Wir kamen an einem Mittwoch abends an und gingen erstmal Pizza essen in der Umgebung unseres Hotels. Nach einem kleinen Spaziergang fielen wir nur noch in unsere Betten, denn am nächsten Tag stand Einiges an.
Wir besichtigten zuerst den Mailänder Dom. Ein sehr beeindruckendes Gebäude, sowohl von außen, als auch von innen. Die Architektur und die ganzen Kunstwerke an den Wänden und den Fenstern waren für uns kaum fassbar. Wir bestiegen auch das Dach des Doms mit den unzähligen Türmen. Die Aussicht entgegengesetzt des Domplatzes ist leider schon ziemlich zugebaut mit modernen Betonklötzen, die nicht so recht ins Bild passen. Nach dem Dom stand eine Stadtrundfahrt mit einem Hop-On-Hop-Off-Bus auf unserem Plan. Damit kamen wir an sehr vielen Sehenswürdigkeiten vorbei und wurden über unsere Audio-Guides mit spannenden Fakten versorgt. Wir stiegen an einer beeindruckenden Festung aus, besichtigten deren Innenhof und spazierten im Anschluss noch durch den herrlichen angeschlossenen Park, in dem es eine sehr romantische kleine Brücke gibt, die von vier Nixen bewacht wird. Eine ausgiebige Pause, die wir auf einer Parkbank mit einem leckeren Eis verbrachten, gab es natürlich auch.

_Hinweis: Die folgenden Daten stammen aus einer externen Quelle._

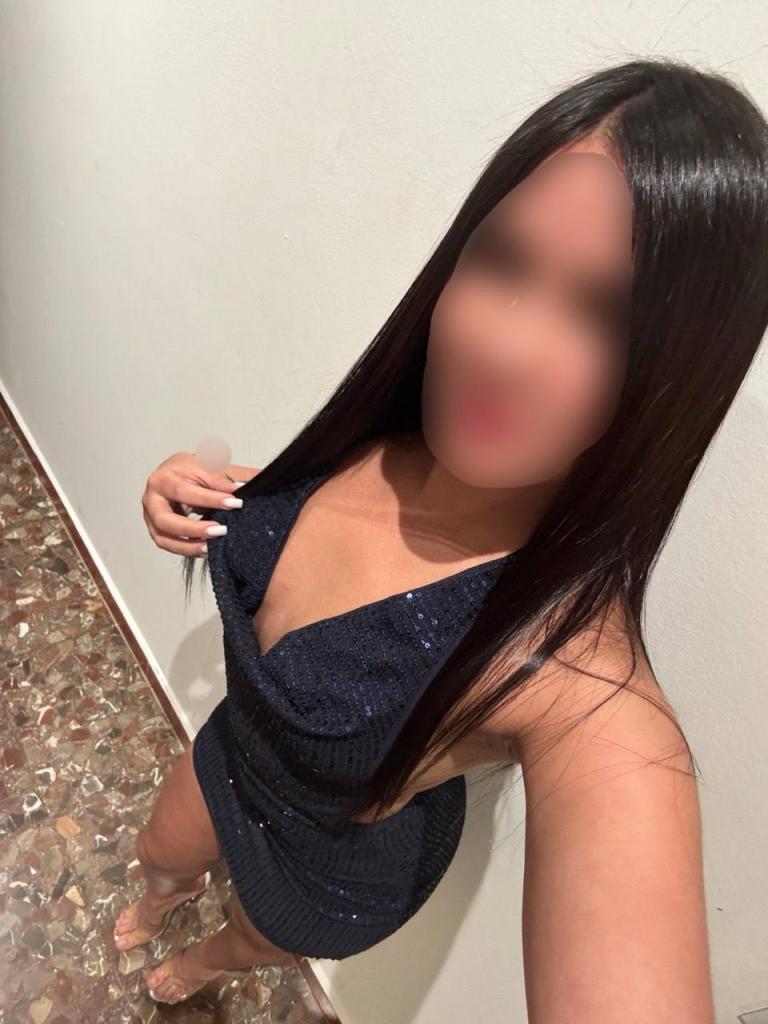 613693633: Chica busca chico en Málaga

Unser erster Tag verging so, wie im Flug.
Für den nächsten Tag stand ein weiteres Highlight an: wir besichtigten Leonardo Da Vinci’s berühmtes Gemälde „Das Abendmahl“ in der Kirche Santa Maria delle Grazie. Dafür mussten wir im Vorfeld einen Termin machen, denn es wurden alle 15 Minuten nur wenige Menschen in den Raum gelassen, in dem das Gemälde eine Wand ziert. Ich bin keine große Kunstkennerin, aber so ein Gemälde über eine ganze Wand mit den passenden Proportionen und so vielen Details hinterlässt auch bei mir Eindruck. Nach 15 Minuten wurden wir aber schnell wieder herausgebeten, weil die nächste Gruppe schon wartete. An dieser Stelle hätten wir uns mehr Rücksicht gewünscht auf Menschen mit Einschränkungen, denn es hat einige Zeit gebraucht, Tim das Bild so genau wie möglich zu beschreiben. An der Wand gegenüber gab es ein weiteres Gemälde mit der Kreuzigungsszene und noch mehr Details. Wahrscheinlich haben die Sicherheitsleute nicht mitbekommen, dass Tim eine Sehbehinderung hat – trotzdem hätten sie etwas höflicher sein können.

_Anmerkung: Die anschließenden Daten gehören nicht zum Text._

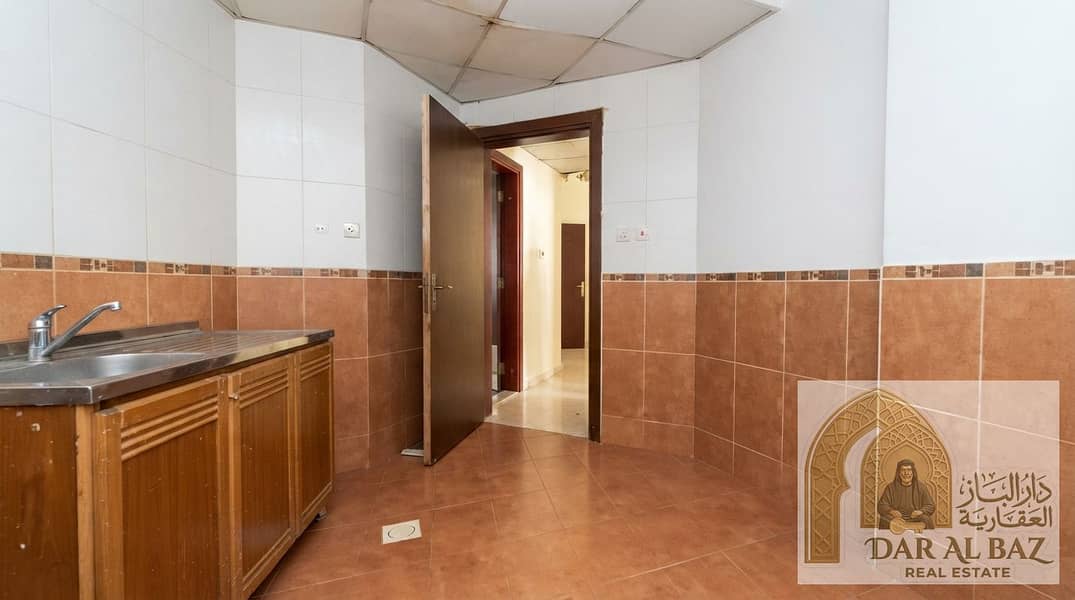 8 Real_estate_photo_enhancement_in…_20261002101123 (1). jpg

Sei’s drum: wieder an der frischen Luft bei schönem, sonnigem Herbstwetter wollten wir uns ein Café suchen, um bei einem Snack und italienischem Kaffee das Treiben in der Stadt zu beobachten. Dieses Unterfangen hatten wir uns einfacher vorgestellt in einer italienischen Metropole. Leider fand sich in der Innenstadt kein süßes, kleines Straßencafé – nur Bistros und Restaurants der Luxusklasse, in denen es sehr hektisch zuging. Wir liefen uns die Füße wund und fanden schließlich einen kleinen Laden in einer Seitenstraße, in dem wir jedoch nur blieben, weil wir wirklich nicht mehr konnten. Der Kaffee hat uns trotzdem gut geschmeckt und die Leute dort waren sehr freundlich. Nach dieser Pause begaben wir uns zunächst wieder ins Hotel.

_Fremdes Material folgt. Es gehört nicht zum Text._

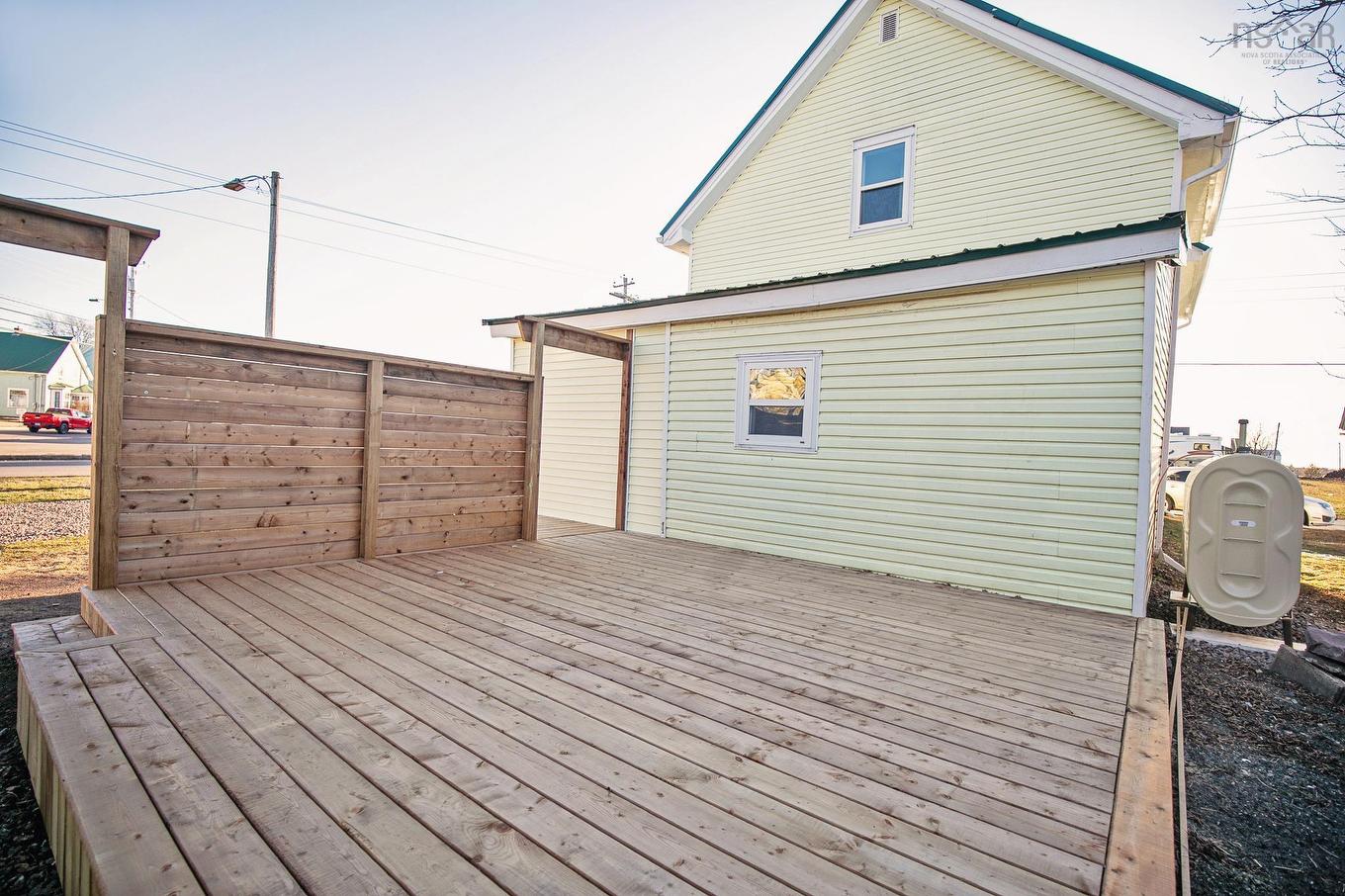 32 Douglas Avenue, Amherst, NS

Wir holten unsere Badetaschen, denn unser Tagesplan sah noch den Besuch einer antiken Therme mitten in der Stadt ganz in der Nähe der Porta Romana vor. Laut Beschreibung handelt es sich um die größte und luxuriöseste Thermaleinrichtung in Mailand. Mauern aus dem 16. Jahrhundert umgeben den Außenbereich des wunderschönen Jugendstilgebäudes und auch innen sollten uns viele Möglichkeiten zur Entspannung erwarten.
Wir hatten uns die Nachmittags- bis Abendstunden für unseren Besuch ausgesucht, um im Außenbereich in den Pools bei Sonnenuntergang und zur blauen Stunde zu liegen.
Leider wird es Besuchern schon bei der Online-Buchung der Tickets recht schwer gemacht und so mussten wir am Empfang fragen, wie wir nun an unsere Tickets kommen. Eine der beiden jungen Frauen sprach auch ganz passabel englisch und wies jedem von uns einen Schrank in der Umkleide zu. Wohlgemerkt ein Schrank im Frauen-Umkleidebereich und einen im Männer-Umkleidebereich. Beide Bereiche waren sehr verwinkelt. Für Familien oder Menschen mit Behinderung gab es keinen gesonderten Bereich und so versuchten wir, zu erklären, dass wir auch beim Umziehen zusammen bleiben müssten, da Tim meine Unterstützung benötigt. Kurzerhand wurde mir erlaubt, Tim zu seinem Schrank zu begleiten. Das war schon sehr umständlich, denn, nachdem sich Tim umgezogen hatte, musste er auf einer Bank sitzend warten, bis ich mich in „meinem“ Bereich umgezogen hatte und ihn abholte. Als ich das tat, wurde ich gleich von einer Reinigungskraft angemeckert. Ich verstand allerdings sowieso nicht, was sie sagte.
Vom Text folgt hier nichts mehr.